Material provided START

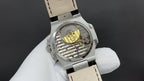 Patek Philippe watch, open caseback showing movement, steel and black leather strap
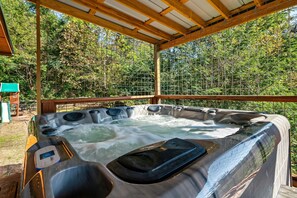 Ein Whirlpool mit einer Holterrasse und Blick auf einen Wald.
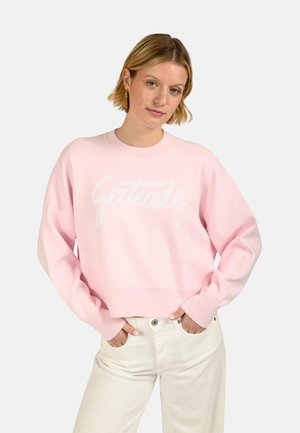 Femme aux cheveux blonds courts portant un sweat-shirt rose clair et un pantalon blanc, debout les mains dans les poches devant un fond uni.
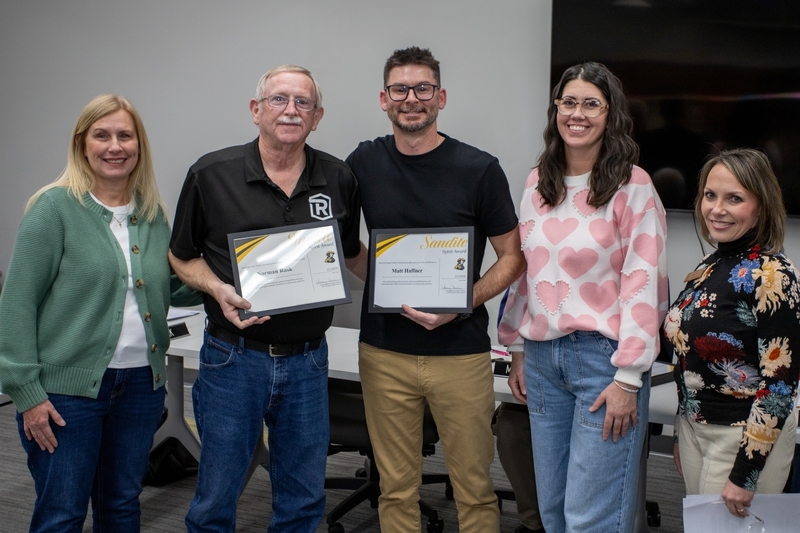Matt Haffner and Norman Rask receive certificates of recognition from administrators and the board of education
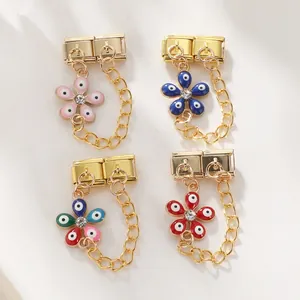 Macro detail of gold-plated flower charms with evil eye enamel and white rhinestones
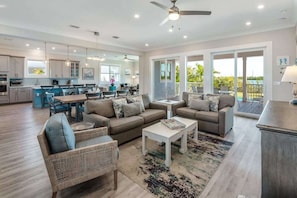 Open Concept Living Space Overlooking the Pool and Bay
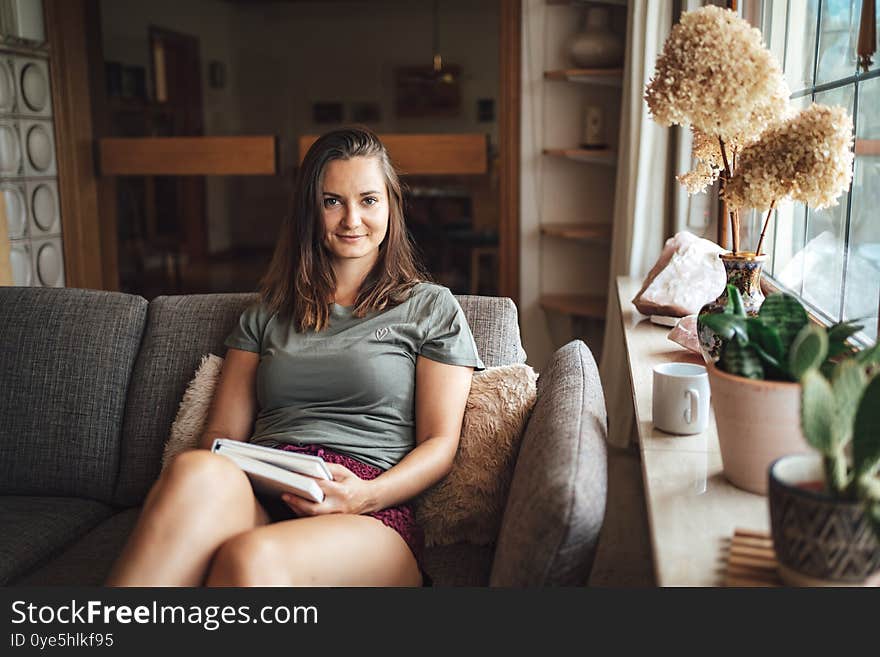 Portrait of attractive young woman holding book while relaxing on couch in living room at home. High quality photo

Material provided END

Take the lines from the one containing "Open Concept Living" through the final line of the listing above and print them exactly, including both ends but no pictures.

→ Response
 Open Concept Living Space Overlooking the Pool and Bay
 Portrait of attractive young woman holding book while relaxing on couch in living room at home. High quality photo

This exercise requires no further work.